Feb. 6 (Bloomberg) -- Deutsche Bank AG, Europe’s biggest bank by assets, suspended five traders in Frankfurt amid an internal probe into alleged attempts to rig interbank lending rates, according to a person familiar with the matter.
The traders, who were suspended yesterday, counted rates submissions among their responsibilities, said the person, who asked not to be identified because the decision hasn’t been made public.
Regulators from Canada to Switzerland are investigating whether more than a dozen banks, including Deutsche Bank, colluded to rig lending rates. Royal Bank of Scotland Group Plc, Britain’s biggest publicly owned lender, was fined about $612 million by U.S. and U.K. authorities today.
Deutsche Bank declined to say whether it had suspended any employees. It repeated in an e-mailed statement that it will suspend or dismiss traders found to have acted inappropriately.

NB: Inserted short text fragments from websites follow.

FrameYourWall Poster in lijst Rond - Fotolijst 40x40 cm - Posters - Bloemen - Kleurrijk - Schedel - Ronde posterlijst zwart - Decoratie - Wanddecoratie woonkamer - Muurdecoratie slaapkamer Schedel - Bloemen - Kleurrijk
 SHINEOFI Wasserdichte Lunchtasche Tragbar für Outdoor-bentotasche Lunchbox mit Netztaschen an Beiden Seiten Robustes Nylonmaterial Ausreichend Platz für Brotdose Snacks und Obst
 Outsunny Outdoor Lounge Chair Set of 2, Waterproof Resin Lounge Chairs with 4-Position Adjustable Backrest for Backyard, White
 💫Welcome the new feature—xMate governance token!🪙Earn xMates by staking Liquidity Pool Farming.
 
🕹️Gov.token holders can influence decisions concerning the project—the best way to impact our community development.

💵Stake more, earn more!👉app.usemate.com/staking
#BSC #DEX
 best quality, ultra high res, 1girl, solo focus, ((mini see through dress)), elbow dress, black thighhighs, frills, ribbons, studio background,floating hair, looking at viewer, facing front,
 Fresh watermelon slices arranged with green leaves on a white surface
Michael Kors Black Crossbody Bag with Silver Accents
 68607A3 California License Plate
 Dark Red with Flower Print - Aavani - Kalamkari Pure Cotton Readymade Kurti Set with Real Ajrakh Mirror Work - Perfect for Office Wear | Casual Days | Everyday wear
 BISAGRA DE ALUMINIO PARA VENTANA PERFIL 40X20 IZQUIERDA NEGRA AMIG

The company said in July that an internal investigation found misconduct by individual employees of the bank related to interbank rates, though no wrongdoing by any current or former members of the board. Deutsche Bank dismissed two traders at the end of 2011 for suspected manipulation of the rates.
The bank probably won’t resolve all issues pertaining to alleged manipulation this year, Stephan Leithner, the company’s management board member for legal affairs, said last week.